• Task prompt: Repeat exactly, and only, the lines from the line containing "this 600×438 image." through the last line of the records below, including both.

• Dataset:
• • •

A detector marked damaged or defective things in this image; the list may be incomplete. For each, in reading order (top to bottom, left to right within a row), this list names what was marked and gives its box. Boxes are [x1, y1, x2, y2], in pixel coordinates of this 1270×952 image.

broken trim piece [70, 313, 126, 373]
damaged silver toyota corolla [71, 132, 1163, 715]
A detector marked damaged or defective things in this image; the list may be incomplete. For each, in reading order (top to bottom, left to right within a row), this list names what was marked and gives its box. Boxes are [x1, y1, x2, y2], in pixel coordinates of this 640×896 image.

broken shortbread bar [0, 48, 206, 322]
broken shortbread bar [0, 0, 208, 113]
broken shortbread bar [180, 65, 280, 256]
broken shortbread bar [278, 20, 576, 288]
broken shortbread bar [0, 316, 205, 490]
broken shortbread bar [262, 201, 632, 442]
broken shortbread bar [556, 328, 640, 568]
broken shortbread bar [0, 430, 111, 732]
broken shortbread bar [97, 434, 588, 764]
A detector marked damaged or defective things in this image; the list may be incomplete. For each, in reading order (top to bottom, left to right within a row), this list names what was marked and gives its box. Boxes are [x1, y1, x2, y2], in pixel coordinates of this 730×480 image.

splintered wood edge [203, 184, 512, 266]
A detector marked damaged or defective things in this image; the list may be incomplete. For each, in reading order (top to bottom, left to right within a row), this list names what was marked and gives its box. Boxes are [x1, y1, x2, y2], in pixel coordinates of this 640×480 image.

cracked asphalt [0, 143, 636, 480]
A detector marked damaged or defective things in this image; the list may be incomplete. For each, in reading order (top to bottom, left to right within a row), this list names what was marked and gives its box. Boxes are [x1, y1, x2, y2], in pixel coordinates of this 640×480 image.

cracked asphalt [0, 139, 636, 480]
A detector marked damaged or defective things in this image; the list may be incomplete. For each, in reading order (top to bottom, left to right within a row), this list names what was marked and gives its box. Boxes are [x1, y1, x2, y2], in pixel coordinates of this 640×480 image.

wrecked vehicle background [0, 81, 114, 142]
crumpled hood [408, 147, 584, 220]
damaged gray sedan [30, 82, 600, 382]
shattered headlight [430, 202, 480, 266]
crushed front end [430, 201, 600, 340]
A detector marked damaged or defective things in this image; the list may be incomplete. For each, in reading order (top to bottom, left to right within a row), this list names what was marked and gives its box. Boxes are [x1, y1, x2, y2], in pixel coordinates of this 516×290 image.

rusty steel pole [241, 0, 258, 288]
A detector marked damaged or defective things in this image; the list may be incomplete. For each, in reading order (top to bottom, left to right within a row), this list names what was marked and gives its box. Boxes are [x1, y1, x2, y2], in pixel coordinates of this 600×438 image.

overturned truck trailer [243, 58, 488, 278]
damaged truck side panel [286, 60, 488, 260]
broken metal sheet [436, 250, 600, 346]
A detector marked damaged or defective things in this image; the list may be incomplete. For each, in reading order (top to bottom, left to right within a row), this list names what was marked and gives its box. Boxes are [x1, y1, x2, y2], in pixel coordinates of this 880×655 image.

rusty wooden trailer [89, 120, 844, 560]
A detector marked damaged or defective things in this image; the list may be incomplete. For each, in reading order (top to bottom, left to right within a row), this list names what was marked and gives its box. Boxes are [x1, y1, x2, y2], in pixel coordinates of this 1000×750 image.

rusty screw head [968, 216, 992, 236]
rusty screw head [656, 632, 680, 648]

• • •

• Answer space:
A detector marked damaged or defective things in this image; the list may be incomplete. For each, in reading order (top to bottom, left to right within a row), this list names what was marked and gives its box. Boxes are [x1, y1, x2, y2], in pixel coordinates of this 600×438 image.

overturned truck trailer [243, 58, 488, 278]
damaged truck side panel [286, 60, 488, 260]
broken metal sheet [436, 250, 600, 346]
A detector marked damaged or defective things in this image; the list may be incomplete. For each, in reading order (top to bottom, left to right within a row), this list names what was marked and gives its box. Boxes are [x1, y1, x2, y2], in pixel coordinates of this 880×655 image.

rusty wooden trailer [89, 120, 844, 560]
A detector marked damaged or defective things in this image; the list may be incomplete. For each, in reading order (top to bottom, left to right within a row), this list names what was marked and gives its box. Boxes are [x1, y1, x2, y2], in pixel coordinates of this 1000×750 image.

rusty screw head [968, 216, 992, 236]
rusty screw head [656, 632, 680, 648]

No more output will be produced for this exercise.